La lumière du porche bourdonnait au-dessus de la porte, attirant des papillons de nuit qui se jetaient sans cesse contre la vitre, cherchant désespérément à entrer. Je comprenais ce sentiment mieux que je ne voulais l’admettre. Des rires jaillissaient à chaque fois que la porte s’ouvrait : chaleureux, sonores et spontanés.
La voix de ma mère résonna clairement, le rire plus grave de mon frère Mike en arrière-plan, et le brouhaha des adolescents – Tyler et ses amis. Je m’arrêtai à la dernière marche et serrai plus fort le sac cadeau dans ma main. À l’intérieur se trouvait une petite boîte en velours – un collier que j’avais choisi il y a des semaines. Un délicat lys en or. Son préféré. J’avais passé trop de temps à le choisir, à imaginer sa réaction, à l’imaginer sourire et dire : « Tu sais toujours exactement ce que j’aime. » Je savais que c’était peine perdue, mais l’espoir ne disparaît pas pour autant. Je forçai un sourire et frappai.

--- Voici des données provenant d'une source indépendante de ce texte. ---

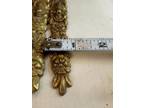 Antique Brass Furniture Mounts Ornate Gilt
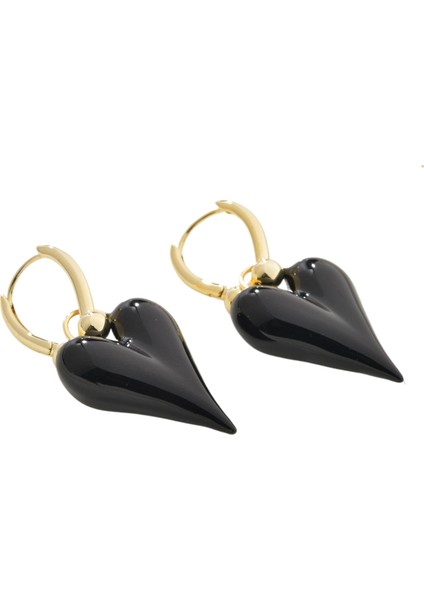 Mizaç Sadelik Ankora Kırmızı Küpe Küpe Yüz Küpe Kadın (Yurt Dışından)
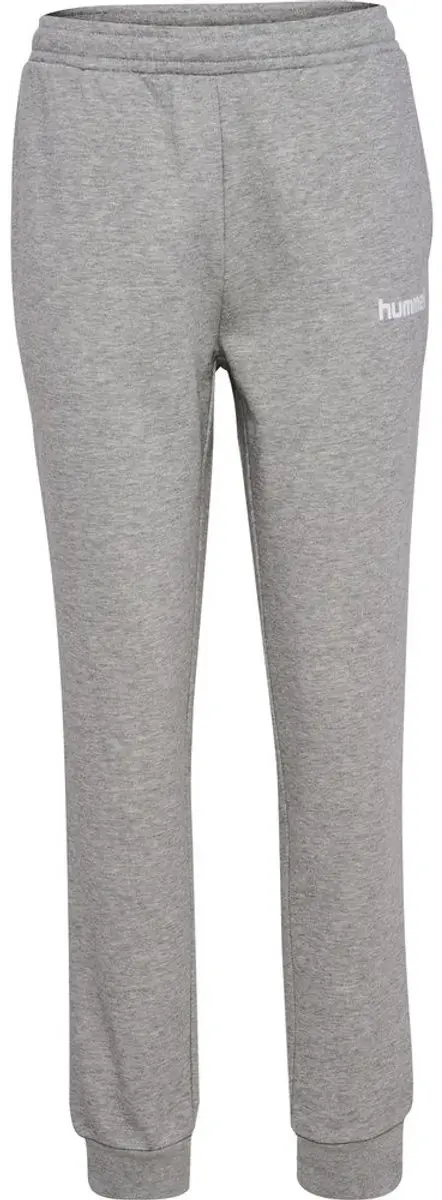 Hummel Motion Co Joggingbroek Dames - Grey Melange - L - afbeelding 2 van 2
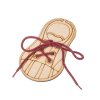 Holzschuh – Schnürsenkel binden (4er-Set)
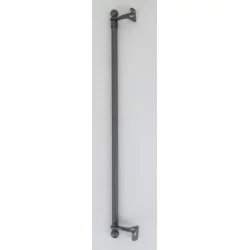 TRINGLE FIX VIT 50 80CM GRIS BETON AUTOB
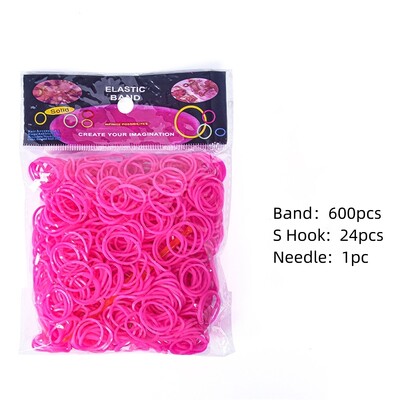 600 vnt Spalvotos skaldos staklinės juostos Apyrankės rinkinys mergaitei dovanos elastingas audimas raišteliai amatai pasidaryk pats papuošalų kūrimo reikmenys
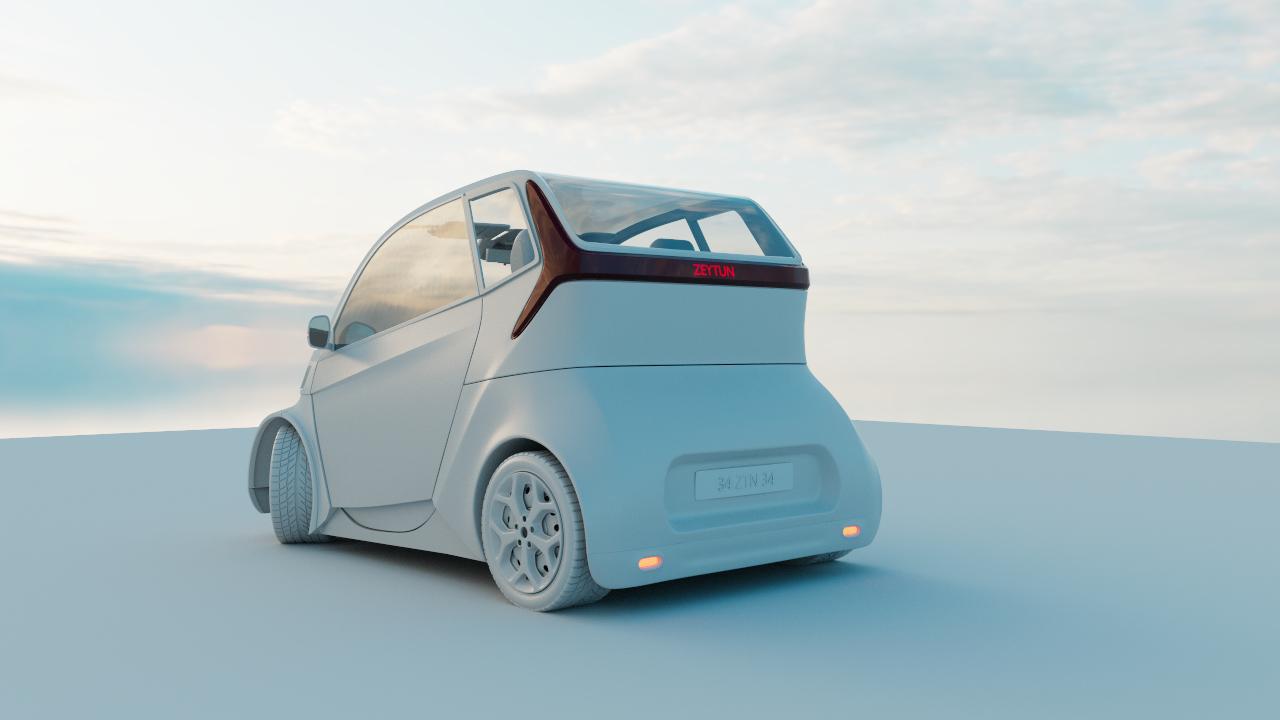 Zeytun – Mikro Mobilite Elektrikli Araç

La porte s’ouvrit brusquement. Tyler se tenait là, grand et suffisant, se comportant déjà comme si le monde lui devait quelque chose.
« Ah. Tu es venue. »
« Oui. Ta grand-mère m’a invitée. »
« Jette tes affaires quelque part. »
Je suis entrée. La maison était bondée, la musique résonnait, les voix se mêlaient, les verres tintaient. L’air embaumait le sucre, la friture et un parfum de luxe. Pendant un instant, personne ne m’a remarquée. C’était toujours comme ça, comme si j’avais besoin de temps pour me recentrer. Ma mère était assise en bout de table, souriant à Tyler comme s’il avait décroché les étoiles, et racontait fièrement à quelqu’un à quel point il était doué. Je me suis raclé la gorge et j’ai fait un pas en avant.
« Salut, maman. »
« Oh. Stéphanie. Tu es là. »
« Bien sûr. C’est ton anniversaire. »
« Mets le cadeau quelque part. On s’offre des cadeaux. »
Ils avaient déjà commencé. Les boîtes étaient ouvertes, le papier cadeau jonchait le sol, Tyler, affalé dans son fauteuil, savourait l’attention. J’ai posé mon cadeau discrètement sur le buffet, à côté des gâteaux, réalisant soudain sa petite taille. Mon frère, déjà rougeaud après avoir bu, m’a interpellée, me tirant vers la table et me faisant asseoir de force entre des inconnus. Ma mère a levé son verre et a porté un toast à sa famille – son fils, son petit-fils –, sa voix pleine de chaleur qui ne m’a jamais vraiment atteinte.
« Je vous aime tous. »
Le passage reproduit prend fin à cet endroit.